• [Task objective]:
What is needed is a word-for-word transcript of the listing, free of pictures.

• [Input material]:
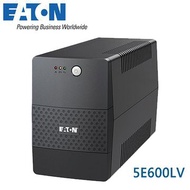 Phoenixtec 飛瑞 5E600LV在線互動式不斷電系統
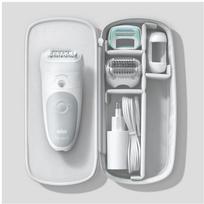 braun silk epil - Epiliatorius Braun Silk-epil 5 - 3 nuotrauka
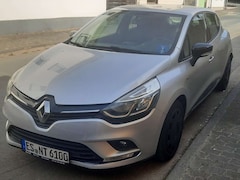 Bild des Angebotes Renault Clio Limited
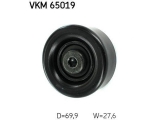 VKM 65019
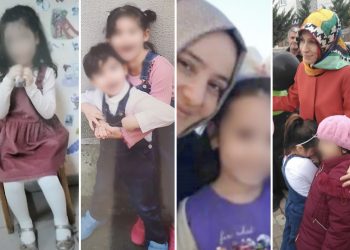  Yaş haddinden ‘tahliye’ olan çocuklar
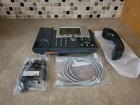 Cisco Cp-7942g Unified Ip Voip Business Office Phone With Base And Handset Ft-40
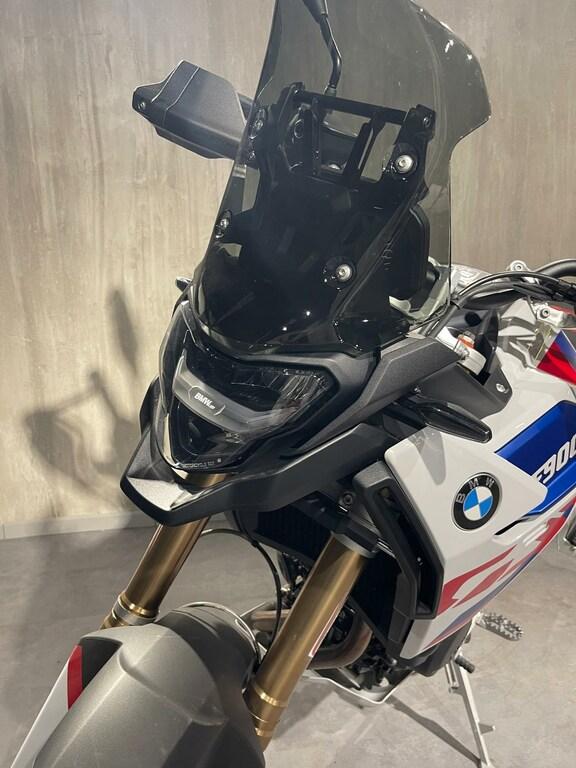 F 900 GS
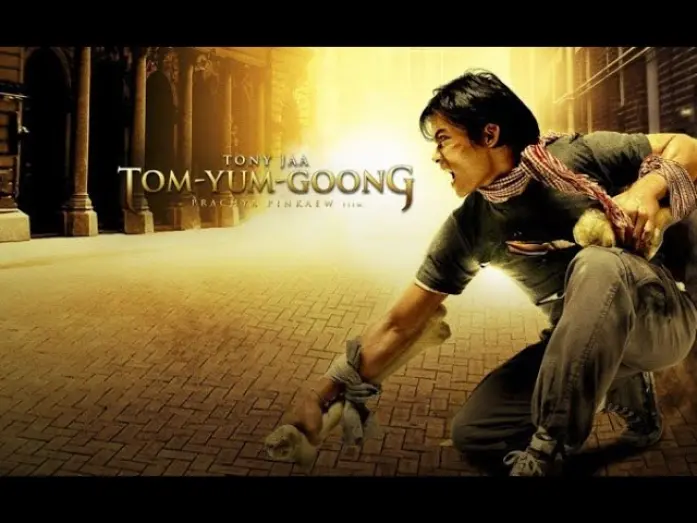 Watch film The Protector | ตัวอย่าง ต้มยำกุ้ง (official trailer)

• [Exercise answer]:
 Phoenixtec 飛瑞 5E600LV在線互動式不斷電系統
 braun silk epil - Epiliatorius Braun Silk-epil 5 - 3 nuotrauka
 Bild des Angebotes Renault Clio Limited
 VKM 65019
  Yaş haddinden ‘tahliye’ olan çocuklar
 Cisco Cp-7942g Unified Ip Voip Business Office Phone With Base And Handset Ft-40
 F 900 GS
 Watch film The Protector | ตัวอย่าง ต้มยำกุ้ง (official trailer)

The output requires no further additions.